Smash - An overhead shot that is hit very hard and down into the opponent’s side of the net.

Strings - The hitting surface of the racket, made up of interlaced strings of gut or synthetic material. Visit our tennis strings page for more information.

Stroke - A swing at the ball; a shot.

Sudden death - A tie-breaker of predetermined length. The most commonly used are the 9-point tie-breaker, in which the first player to score 5 points is the winner, and the 13-point tie-breaker, which is won by the first player to score 7 points.

Sweet spot - The optimum hitting area, around the middle of the racket face.

T - The midcourt area, where the service lines meet the center service line.

Tennis elbow - Tendinitis of the elbow, often caused by the strains placed on the joint by playing tennis, though it may have other causes. Visit our sports medicine page for therapy wraps, splints and braces for this kind of injury.

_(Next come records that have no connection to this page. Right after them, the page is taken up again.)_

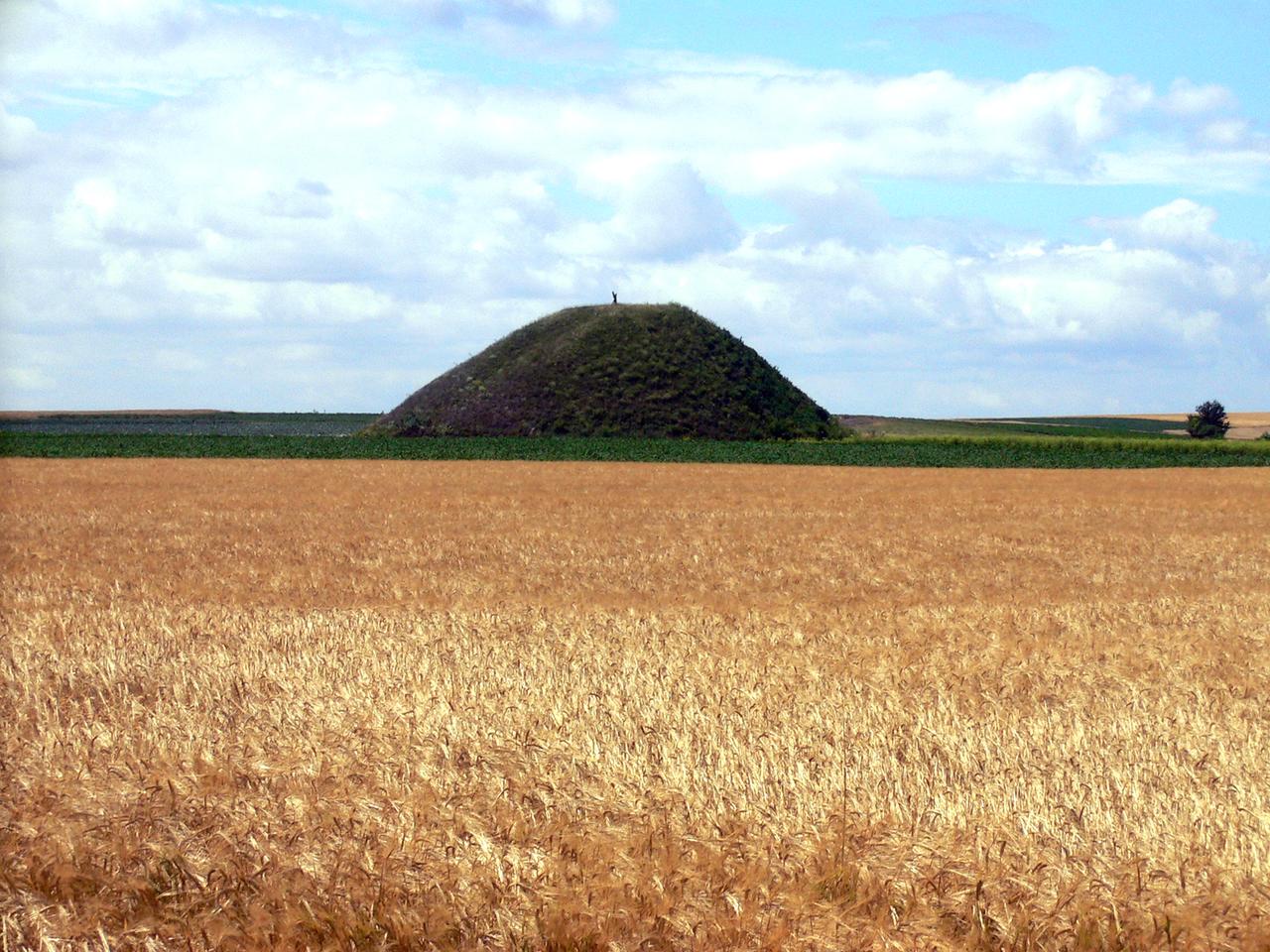 Eine Grabstätte in Form eines Hügels hinter einem Ährenfeld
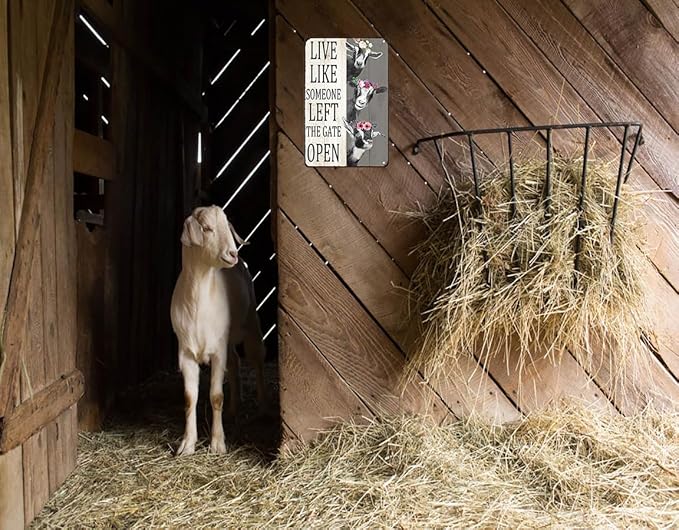 Goat Gifts Vintage Goat Decor Sign Live Like Someone Left The Gate Open Tin Sign for Home Farm Fence Kitchen Bathroom Bedroom Wall Decor 8x12 Inches (3198)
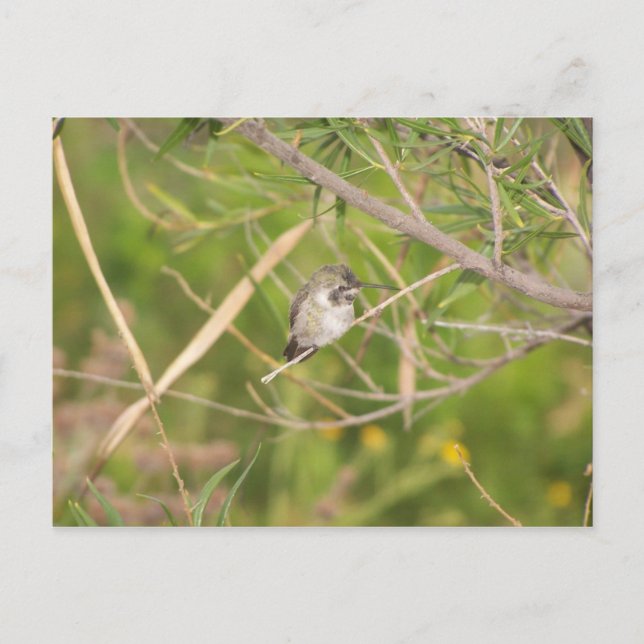 Kolibri Postkarte (Vorderseite)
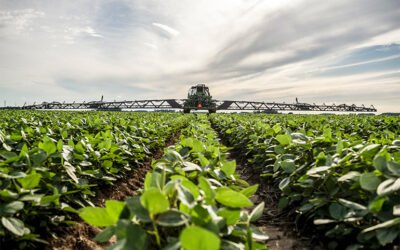 How computer vision increases productivity and sustainability in agriculture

Thirty - The second point scored by a player or side in a game. See point; scoring system.

Topspin - Forward spin, around the ball’s horizontal axis, that’s applied by drawing the racket strings up and over the ball at the moment of impact. A shot hit with topspin is more likely to stay in play, because it drops sharply after reaching its highest point, and it takes a high bounce.

Two-handed backhand - A backhand shot on which the player has both hands on the racket handle.

Unforced error - Loss of a point caused by a poorly hit shot that goes into the net or out of the court. Compare forced error.

Volley - A shot on which the ball is hit before it bounces. As a verb, to hit such a shot.

Wide - Descriptive of a shot that lands beyond the sideline, or beyond the service sideline in the case of a serve. See also long.

Wood shot - A shot on which the frame of the racket strikes the ball.